Insights Executive Lewis Boulton reflects on what journalism means to him.
They say gardeners have green fingers; mine must be smudged red, black, and blue, covered in ink marks and papercuts. As a nerdy kid with a wild imagination, an insatiable appetite for information, and a love of reading, journalism has meant a lot to me for a long time. It’s broadened my imagination, given me the facts and perspectives I’ve needed to understand the world, and provided respite from the frenetic pace of modern life.
Firstly, I think of the boy who’d take the Sunday papers with his ham sandwiches and flick through pictures of exotic countries and fascinating people. Journalism meant a window to places he could only dream of, where people did extraordinary things. They coloured in history lessons and taught me new words; they introduced me to complex concepts and crazy anecdotes. They were like bedtime stories in real time.
Then I think of the wide-eyed, bushy-tailed fresher at university with a brain like an antenna. My friends and I would go to lectures, but it was the journalism that we would share from news brands’ websites that would really colour in the lines and add life to our studies. We used them in debates at the pub because we trusted them, because they provided challenging perspectives. They narrated the past, present, and future – we couldn’t get enough of it.
What about now? Finishing my studies has meant I’ve finally had the time to sharpen my sudoku skills. I have the time to pick up a weekend paper and scour the sections, delving into the supplements for new podcast recommendations or for long-reads on what’s happening abroad.

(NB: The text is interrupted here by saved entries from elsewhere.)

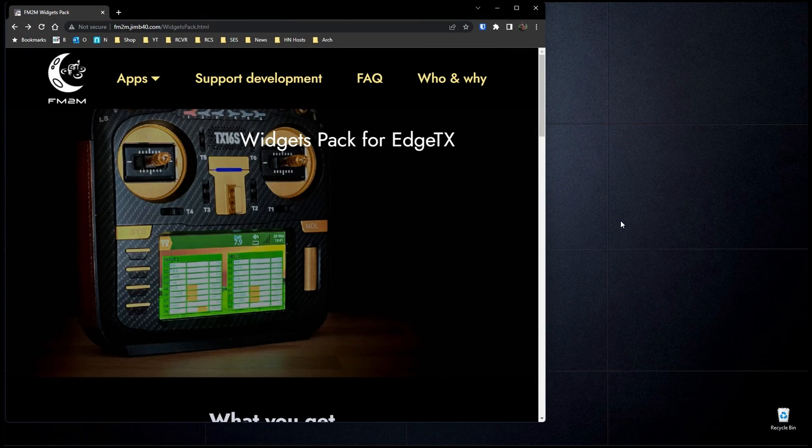Hello, welcome to RC Video Reviews. In this EdgeTX Snippet, I'm going to show you how to install the Fly Me to the Moon Widgets Pack for EdgeTX.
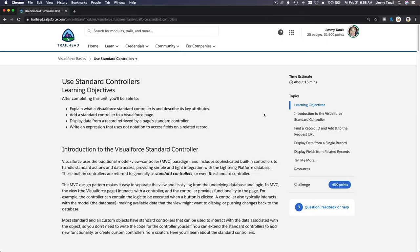We are now talking about standard controllers. Just like we have standard objects and custom objects, we also have standard controllers and later on custom controllers. So what is a standard controller?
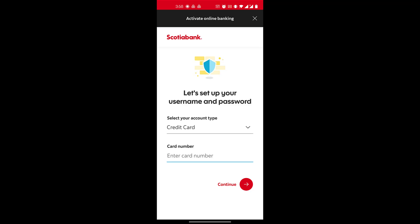The bank will also ask you to verify a few of the last transactions you may have carried out. After that, you'll enter a few details about yourself, and you will be sent a one-time password to either your phone number or your email address that is registered with the bank.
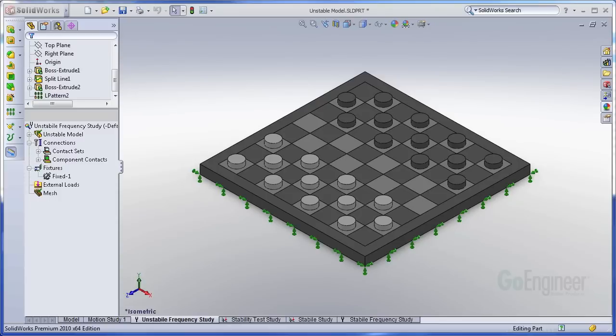Hello, my name is Ryan Dark, and I'm a certified SOLIDWORKS application engineer here at Go Engineer. In this Go Engineer Quick Tips video, I will be showing you how to diagnose and resolve an unstable model within simulation.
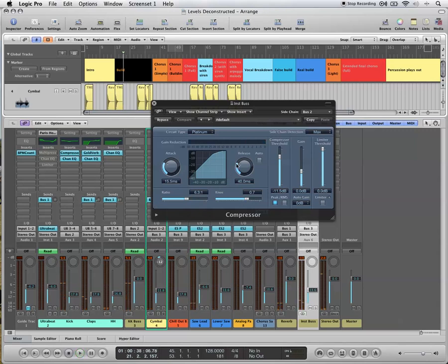So every time a kick comes through, it's pushing all the instruments down by six decibels, which allows the kick to come right to the front of the mix. No matter what's there in front of it, that stuff will all get pushed down, the kick comes to the front, and it sounds really powerful.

Reading the paper has become the luxury I look forward to after a busy week. I can check out of the fast-paced world around me and turn the pages at my leisure. My time, at least for a few precious hours, becomes my own.
Now I’m here at Newsworks: an organisation full of life, drive, and a hunger to develop a news brand industry fit for the twenty-first century. The day-to-day experiences of a new job in a new industry have undoubtedly been exciting. It’s been great to learn about how the industry is creating new healthy relationships with brands so that it can thrive alongside the evolution of digital media. I’ve already met so many interesting and passionate people from across the industry and even been out in the field to see our research happen first-hand.
But when I delve a bit deeper, connect back to that nerdy little boy whose borrowed copy of The Times would flop over his head, I realise how amazed he would feel that he had a place there, helping to keep the industry going from strength to strength. Without those news brands that have accompanied me through my life so far, I would have had no outlet for my curiosity to flourish. I can’t wait to help make sure their journalism can spark the curiosity of the next generation, too.